Nuclear energy is also a main plank in the UAE’s clean energy plans, not only because the power it produces is carbon free, but also because the energy it produces can be used to produce pink hydrogen. Two of the Barakah nuclear energy plant’s units – each with a capacity of 1.4 GW – have been commissioned. The Emirates Nuclear Energy Corporation (ENEC) expects that once Barakah is at full capacity, it will provide some 49 TWh/yr of electricity, meeting around 25 percent of the UAE’s power demand, and will have the potential to produce up to 1mn t/yr of hydrogen.
The UAE is initially positioning itself as a supplier of blue hydrogen, given its abundant supplies of low-cost gas. The degree of its climate friendliness depends on how much of the carbon dioxide resulting from the process can be captured, which in turn will depend on the technology that is deployed at scale, Mourey tells Gas Outlook. But pink hydrogen would be a lot more climate friendly, given that “the carbon intensity of nuclear energy is very very low” although how much pink hydrogen is ultimately produced would depend on how much excess nuclear power would be available for the process.
The production of green hydrogen – the most climate friendly form of hydrogen – will depend on how much solar-generated power will be available for the process. “They will prioritise electricity from solar to the grid, and the excess will probably be used for producing green hydrogen,” says Mourey.
But the UAE also plans to keep its hydrocarbons industry thriving and is planning a 25 percent boost to its crude oil capacity to 5 million b/d by 2030. It says a hasty, improperly planned energy transition that ditches traditional hydrocarbon fuels prematurely could push people into energy poverty.

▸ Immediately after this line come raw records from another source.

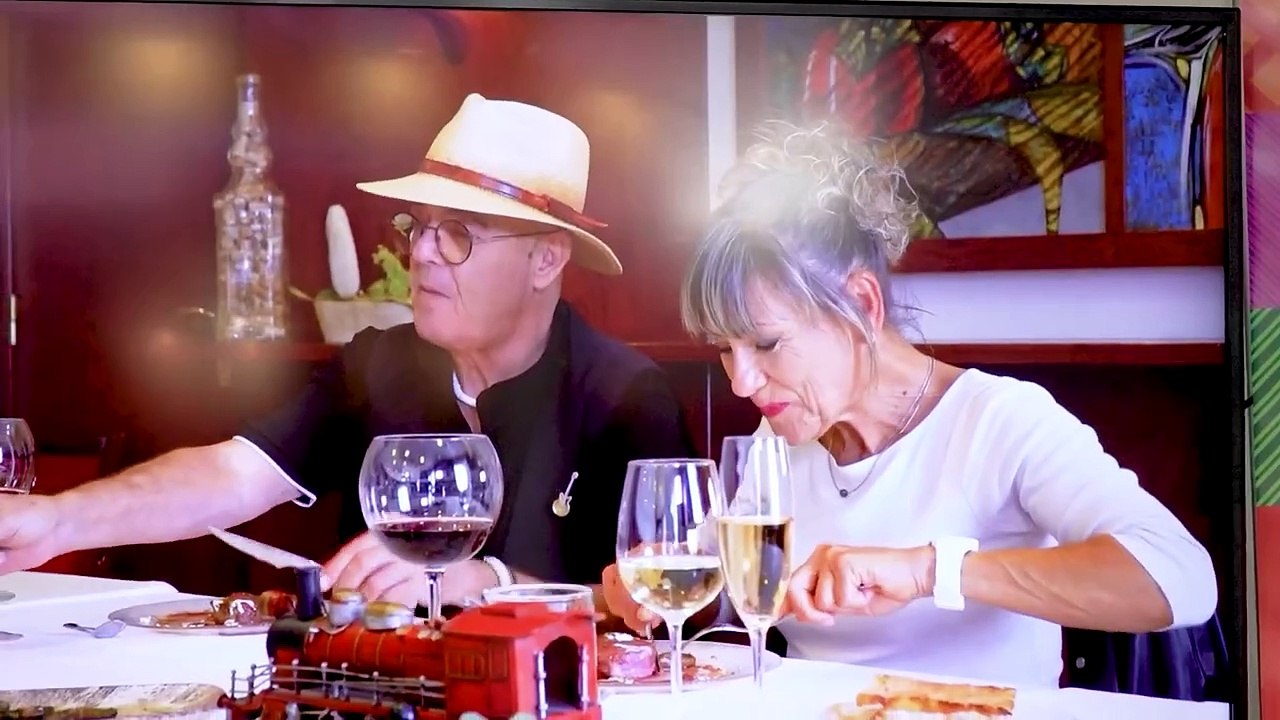 Converses amb Albert Arumí del Restaurant L'Arumí de Santa Eugènia de Berga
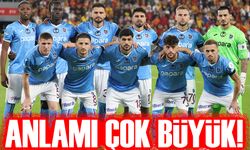 Trabzonspor’dan Cumhuriyet Bayramı Coşkusuna Özel Forma Taraftarlardan Yoğun İlgi Gördü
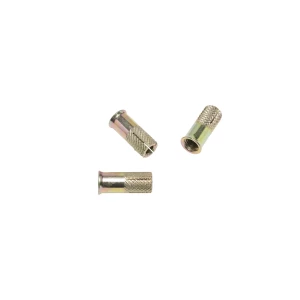 M10x30 JCP Lipped Wedge Anchor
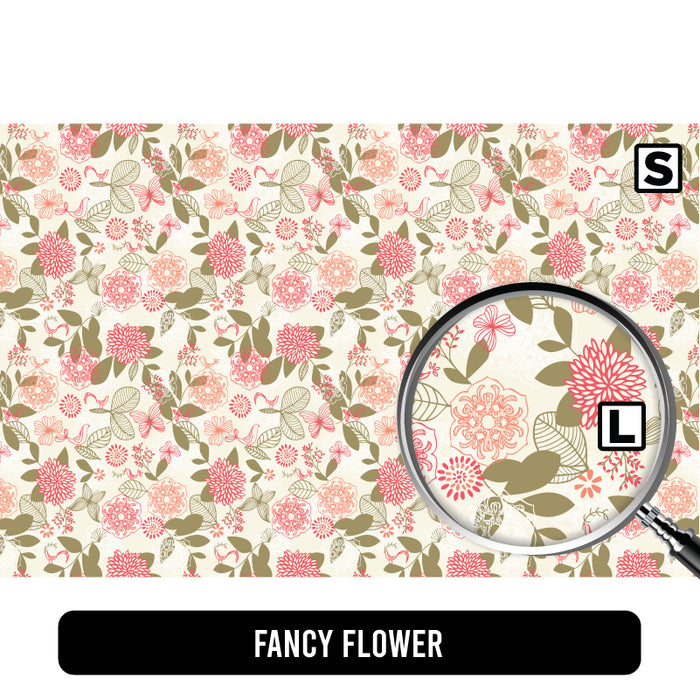 Fancy Flower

“Alongside renewables, we need nuclear, natural gas and oil from parts of the world where it takes the least amount of carbon to produce,” al-Jaber said in March at the Middle East and North Africa Climate Week 2022. “We should not be adopting policies that lead to energy poverty,” he added.
“There is much to be said about the clean energy projects the UAE is pursuing,” Nakhle tells Gas Outlook. “But perhaps the most refreshing observation to be made is that, by wisely using their hydrocarbon revenues to diversify their own economy and energy mix, major oil producers can also help the world diversify away from fossil fuels – a win-win outcome,” she adds.